STUDY MATERIAL: Begin
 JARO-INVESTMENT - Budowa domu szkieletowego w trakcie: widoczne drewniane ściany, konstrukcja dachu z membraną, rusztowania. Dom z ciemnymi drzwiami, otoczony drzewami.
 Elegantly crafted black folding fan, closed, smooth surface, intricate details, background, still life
STUDY MATERIAL: End
STUDY MATERIAL: Begin
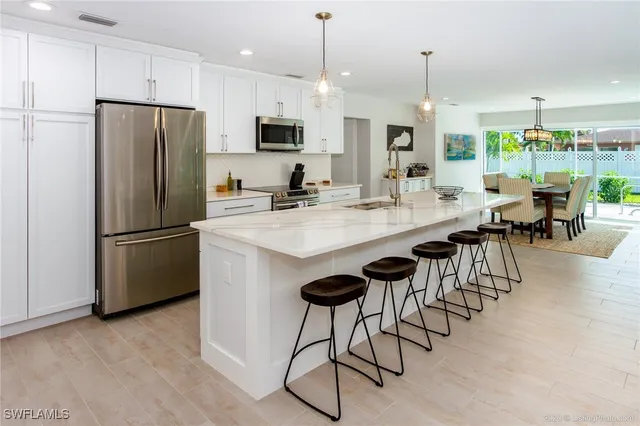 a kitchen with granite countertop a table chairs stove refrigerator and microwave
STUDY MATERIAL: End
Look back at the entries above. Retype the line with "JARO-INVESTMENT - Budowa", the line with "Elegantly crafted black", and all lines in between.

 JARO-INVESTMENT - Budowa domu szkieletowego w trakcie: widoczne drewniane ściany, konstrukcja dachu z membraną, rusztowania. Dom z ciemnymi drzwiami, otoczony drzewami.
 Elegantly crafted black folding fan, closed, smooth surface, intricate details, background, still life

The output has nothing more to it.